Provided records.

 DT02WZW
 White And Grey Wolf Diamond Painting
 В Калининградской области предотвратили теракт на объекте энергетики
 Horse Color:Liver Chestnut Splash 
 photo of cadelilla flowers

---

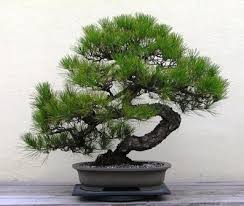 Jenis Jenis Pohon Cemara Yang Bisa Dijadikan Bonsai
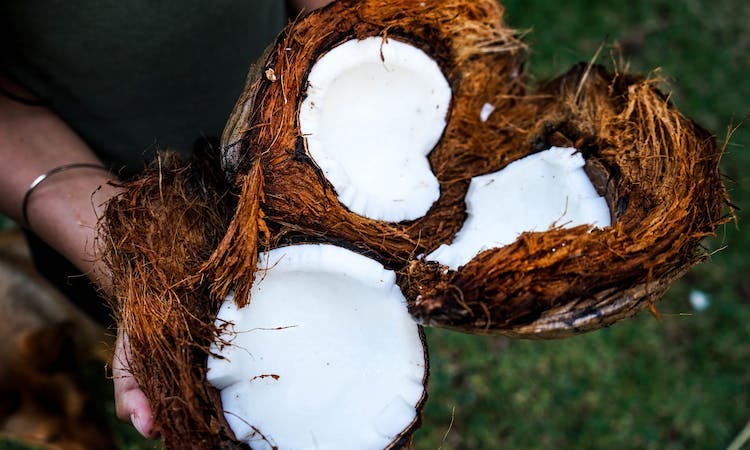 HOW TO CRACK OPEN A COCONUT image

Task brief. All lines in the listing above between the line with "White And Grey Wolf Diamond Painting" and the line with "photo of cadelilla flowers", inclusive, should be set down exactly, and no line outside that range.

Solution to the exercise.
 White And Grey Wolf Diamond Painting
 В Калининградской области предотвратили теракт на объекте энергетики
 Horse Color:Liver Chestnut Splash 
 photo of cadelilla flowers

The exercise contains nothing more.